How to Analyze Your 2026 CPA Score Report
How to Analyze Your 2026 CPA Score Report (FAR, AUD & REG)
Your score report is more than just a number. It is a roadmap. Here is exactly how to read it, when to schedule your retake, and which topics to prioritize first.
Score release days are stressful. Whether you passed and are planning your next section or are regrouping for a retake, the first thing most candidates do is stare at their score and close the browser. That is the wrong move. The data inside your score report is genuinely useful, and this guide walks you through how to use it.
We will cover what "Stronger, Comparable, and Weaker" actually means, the exact topics tested in each scored area for FAR, AUD, and REG, and a practical framework for deciding how quickly to retake and where to start studying.

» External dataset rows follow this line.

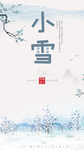 24二十四节气小雪海报背景下雪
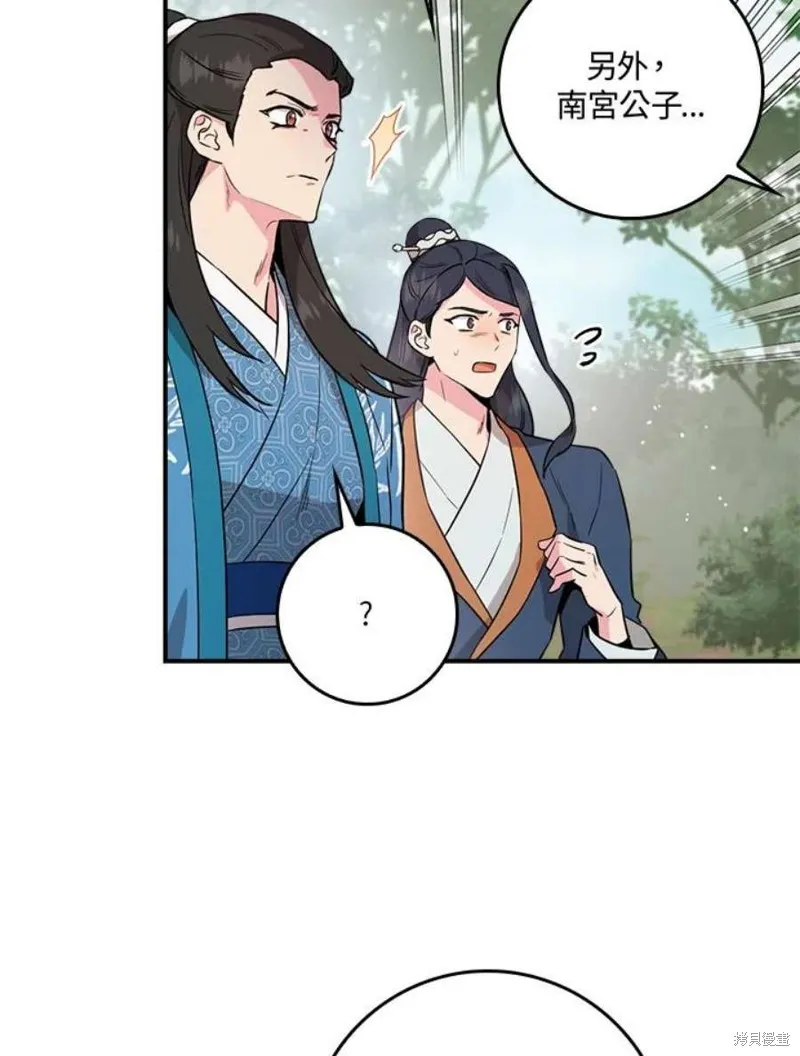 第80话 第32页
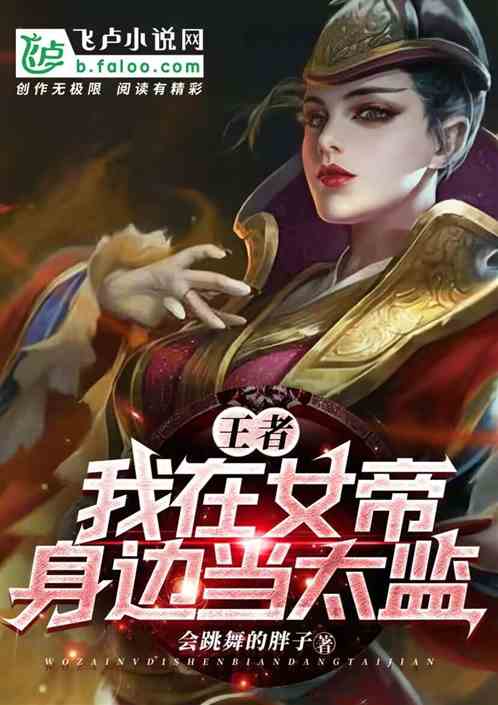 王者:我在女帝身边当太监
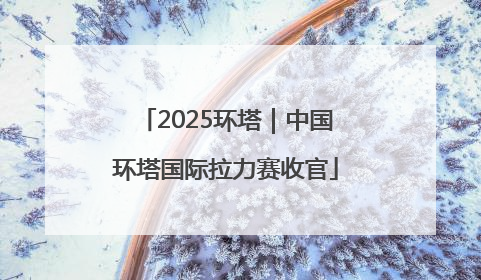 2025环塔｜中国环塔国际拉力赛收官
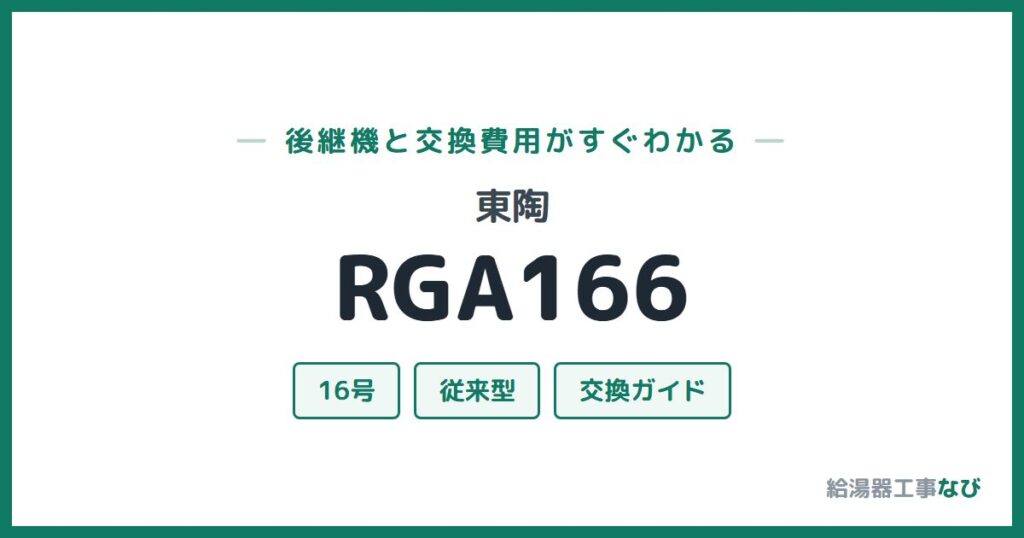 東陶 RGA166の後継機と交換費用ガイド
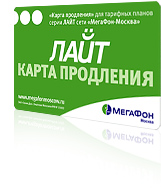 Единая карта оплаты мобильной связи promo cards активировать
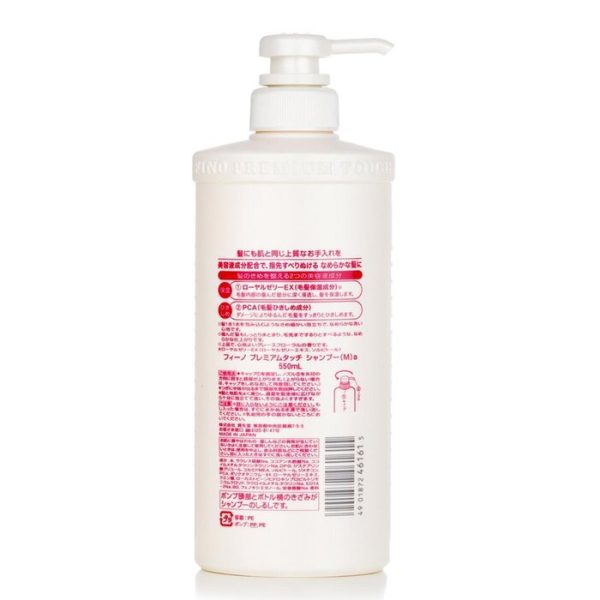 shiseido-fino-premium-touch-shampoo-550ml-3 SHISEIDO FINO PREMIUM TOUCH SHAMPOO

Free Tool: Enter your exam section, score, and area ratings and get a personalized retake game plan sent straight to your inbox. No guesswork -- just a clear breakdown of where you lost points and exactly what to study first.
Analyze My Score Report (Free)Understanding "Stronger, Comparable, and Weaker"
The AICPA does not publish raw scores by topic. Instead, your score report groups performance into three relative ratings that compare your performance to candidates who passed the same exam section in recent testing windows.
What do Stronger, Comparable, and Weaker mean on a CPA score report?
Stronger means your performance in that area exceeded passing candidates. Comparable means your performance was close to passing candidates. Weaker means your performance was below passing candidates. These ratings help identify which areas contributed most to a failing score and where to concentrate retake preparation.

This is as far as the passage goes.